Ce décalage entre les politiques sanitaires et les données actuelles en matière d’immigration soulève plusieurs craintes.
Entre santé et maladie
Ce décalage entre les politiques sanitaires et les données actuelles en matière d'immigration soulève plusieurs craintes, la première étant l'émergence de maladies «tropicales», préoccupation alarmante à l'aube des pandémies de grippe aviaire et de SRAS.
Les statistiques concernant les nouveaux arrivants sont déficientes, entre autres parce qu'elles ne tiennent pas compte de leur hétérogénéité: un homme d'affaires suédois ne présente évidemment pas le même profil bio-psycho-médical qu'une réfugiée rwandaise! Tout de même, on sait grossièrement que les immigrants souffrent rarement de maladies tropicales potentiellement menaçantes pour la santé publique et il n'est pas justifié de les dépister chez tout arrivant.

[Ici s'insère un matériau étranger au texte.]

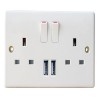 Socket 2 Gang Switch USB Port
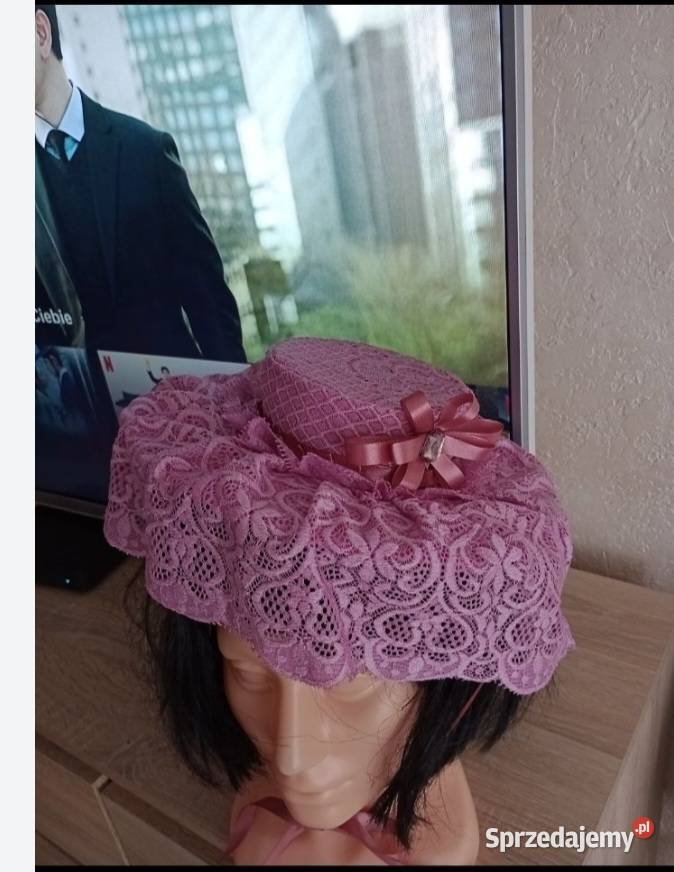 Kapelusz z koronki vintage lolita wiktoriański Dla kobiet Sokolniki-Las
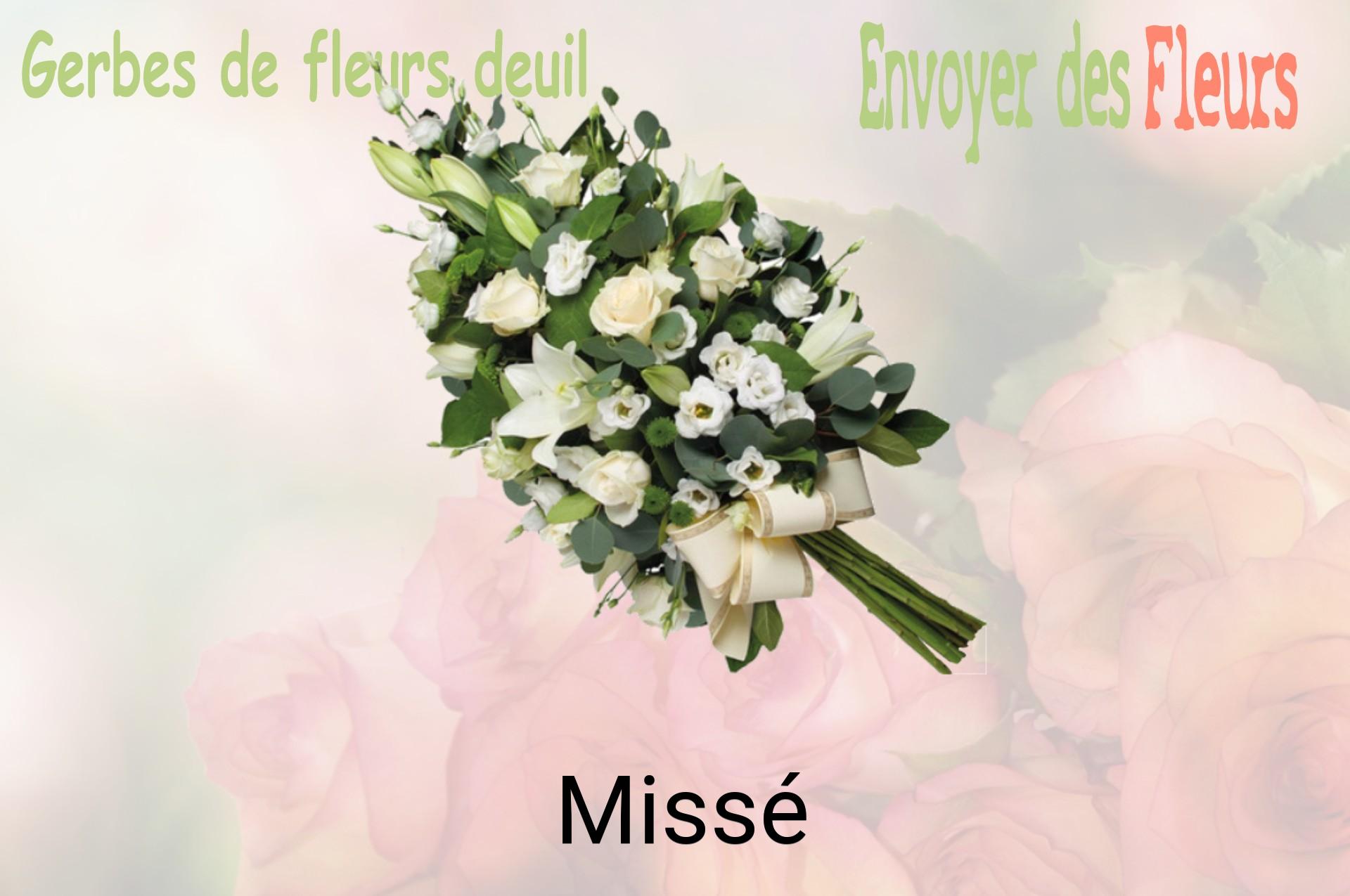 Gerbe de fleurs de deuil livrée à Missé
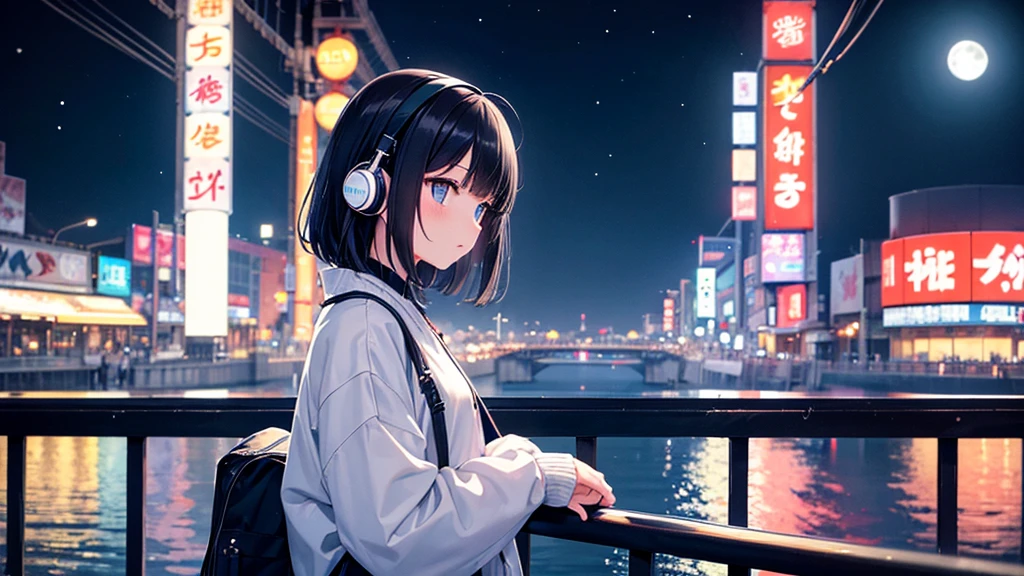 Traveling along Dotonbori Bridge in Osaka after the rain。White moon in the sky。A young girl with black hair wearing stylish clothes and headphones labeled "lo-fi" The girl is shown in profile, gazing into the distance with a calm, relaxed expression Background depicts the iconic scenery of Namba, Osaka at night, without any text on signs A starry night sky adding to the peaceful atmosphere Overall mood is quiet and serene, perfect for lo-fi music Detailed hair rendering and careful attention to the girl's fashionable outfit The entire scene should evoke a relaxing, introspective feeling associated with lo-fi music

En ce qui a trait aux maladies chroniques, telles le diabète ou l'hypertension, on pense souvent à tort que ce sont des affections qui touchent seulement les Occidentaux. Or, dans le monde, les taux de mortalité des maladies cardiovasculaires ou des cancers du col de l'utérus, pour ne nommer que ces maladies, sont comparables, voire supérieurs, aux valeurs canadiennes. Ce sont des maladies qui coûtent très cher au système mais qui ne font pas l'objet de l'examen médical d'immigration.